SÃO PAULO, SP (FOLHAPRESS) - O pré-candidato à Presidência Ciro Gomes (PDT) afirmou nesta segunda-feira (12) que nunca assinaria um documento com compromissos ao mercado como a "Carta ao Povo Brasileiro", subscrita pelo então candidato a presidente Luiz Inácio Lula da Silva em 2002.

O pedetista diz, no entanto, prometer que num eventual governo seu não haverá sustos na área.

"Eu jamais assinaria aquela carta. Aquilo subalterniza a autoridade do presidente. Elege no lugar do povo uma força que não deveria prevalecer sobre o conjunto da população", disse, antes de debater com público na Casa do Saber, em São Paulo.

"Mas eu já disse que em meu governo não haverá susto. Ninguém precisa ter medo."
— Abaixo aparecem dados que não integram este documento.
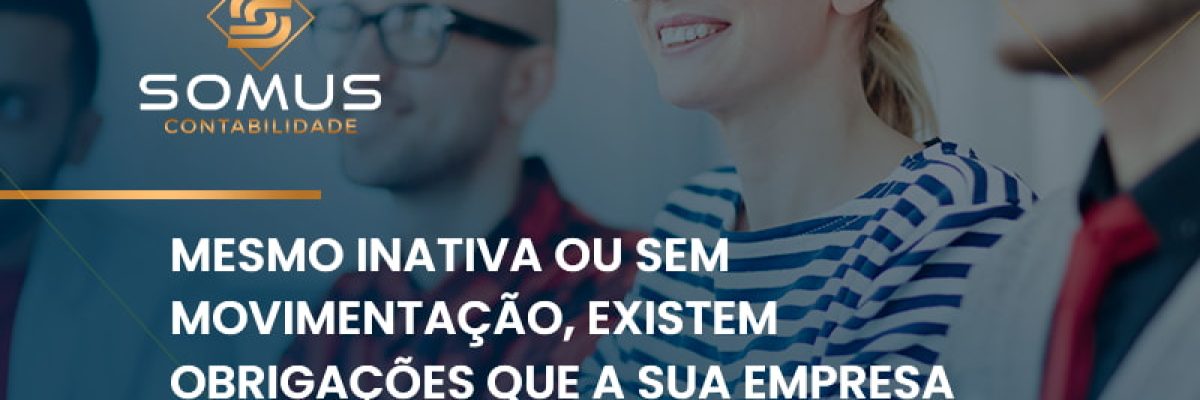 98 Somus - Contabilidade em Brasília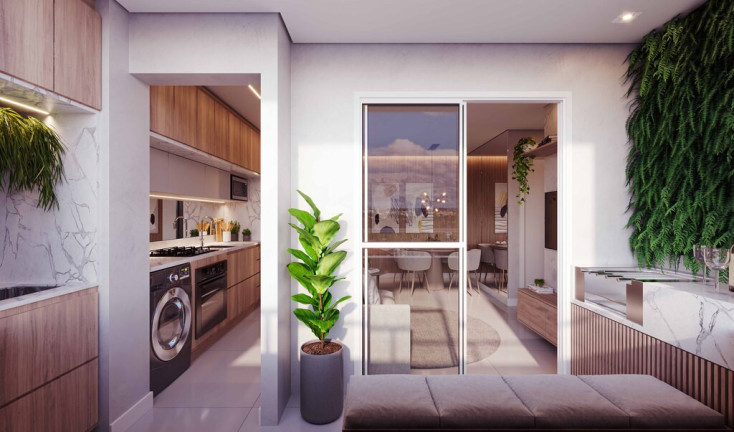 Imagem Apartamento com 2 Quartos à Venda, 40 m² em Itaquera - São Paulo Imagem Apartamento com 2 Quartos à Venda, 40 m² em Itaquera - São Paulo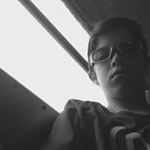 Profile Picture of jonpaulsen34 (@jonpaulsen34) on Instagram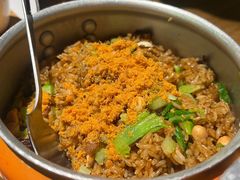 -宋小谨·泉州菜(西沙湾店)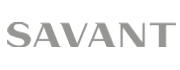 savant logo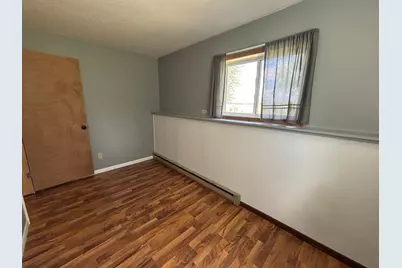 17707 195th Avenue SE, Plummer, MN 56748 - Photo 34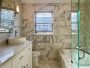 15 Point Judith Lane Nantucket Thumb 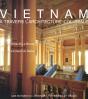 Vietnam - A Travers L Architecture Coloniale - Preview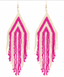Fuschia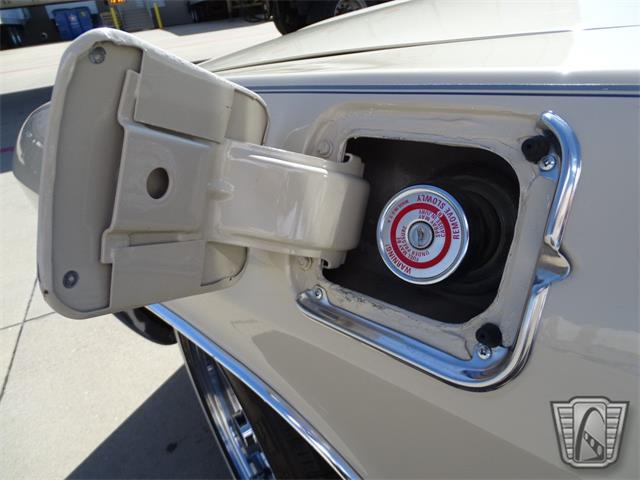 1965 Chevrolet Corvair (CC-1410467) for sale in O'Fallon, Illinois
Nesta semana, o pedetista inicia agenda como pré-candidato. Ele passou mais de duas horas na noite desta segunda (12) respondendo aos participantes perguntas sobre economia e política.
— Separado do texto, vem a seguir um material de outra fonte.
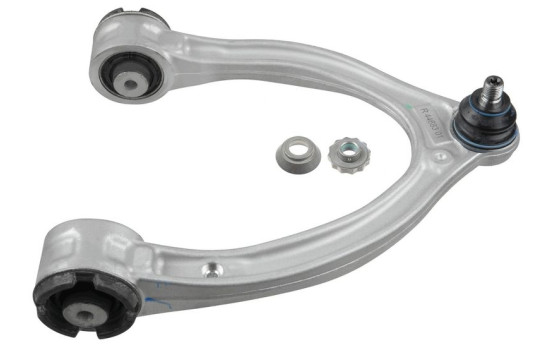 Länkarm, fjädring 44683 01 Lemforder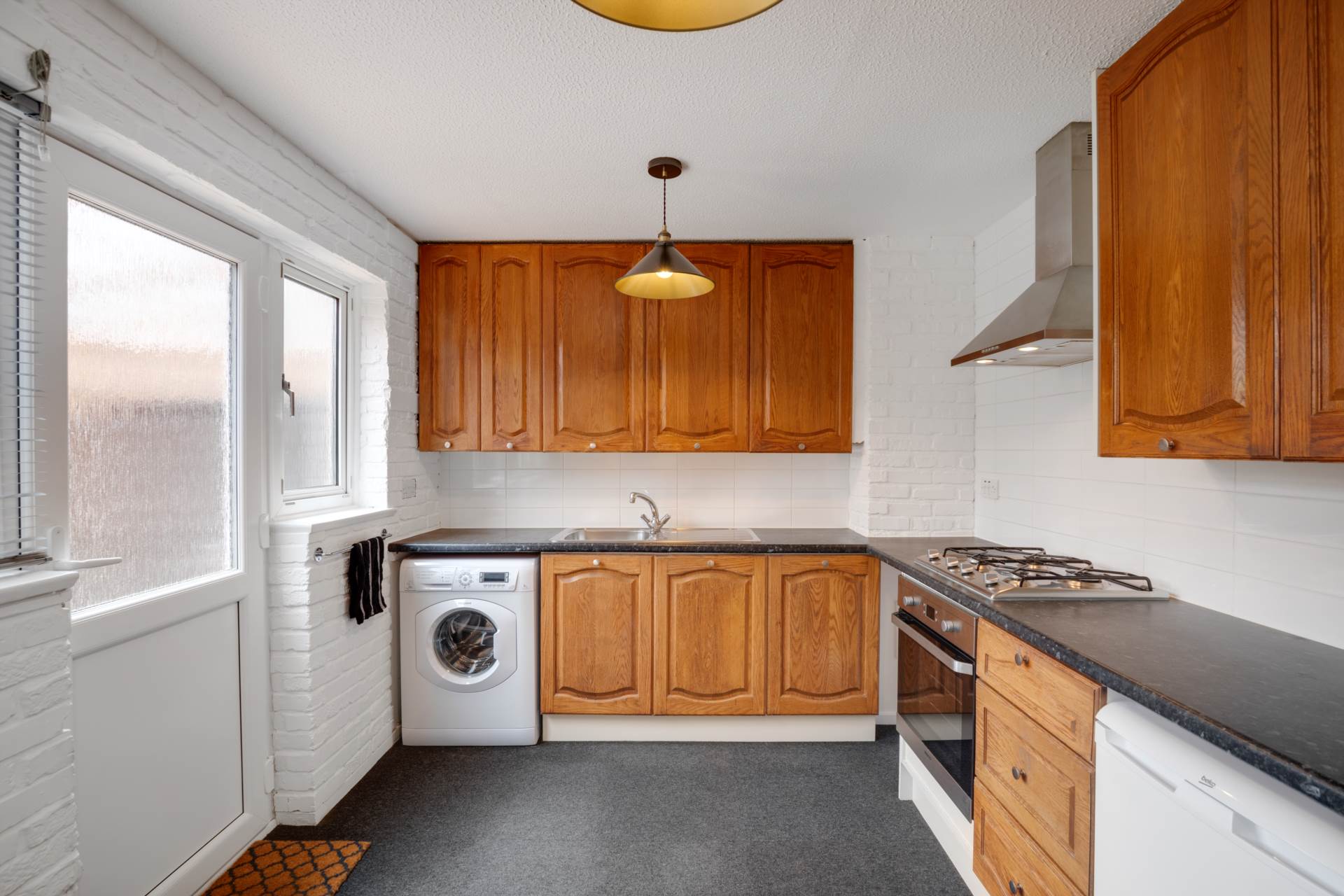 Additional Property Image 2 bedroom Terraced for sale in London 2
Estava acompanhado do ex-ministro Mangabeira Unger (a quem cogita, segundo ele próprio, pôr no Ministério das Relações Exteriores em um eventual governo) e o economista Nelson Marconi, da FGV (Fundação Getulio Vargas).

Ainda aos jornalistas, voltou a avaliar o cenário político e afirmou que acredita que dividirá o segundo turno com o governador paulista Geraldo Alckmin (PSDB) -já que Lula foi condenado e o deputado Jair Bolsonaro (PSL-RJ), segundo ele, tem "grave inconsistência".

"Eu tenho uma certa vivência na política, mas posso estar enganado. Hoje, inclusive aqui em São Paulo, está todo mundo se rendendo a uma evidência de que o Alckmin não cresce [nas intenções de voto]. Eu não vejo isso."

Ele diz que ter o ex-prefeito Fernando Haddad (PT) como vice de chapa seria seu "dream team" (time dos sonhos) e a ex-ministra Marina Silva (Rede) o "dream team 2".

Aos participantes, Ciro prometeu, se eleito, tributar progressivamente lucros e dividendos e heranças, revisar o SUS e tornar mais rígida a legislação sobre o crime de lavagem de dinheiro.

Disse que faria os bancos estatais (Caixa Econômica Federal e Banco do Brasil) competirem de forma mais acirrada com os privados. 

Se manifestou contra a autonomia do Banco Central, mas disse que tornaria o presidente "mandatado para perseguir a inflação e o pleno emprego".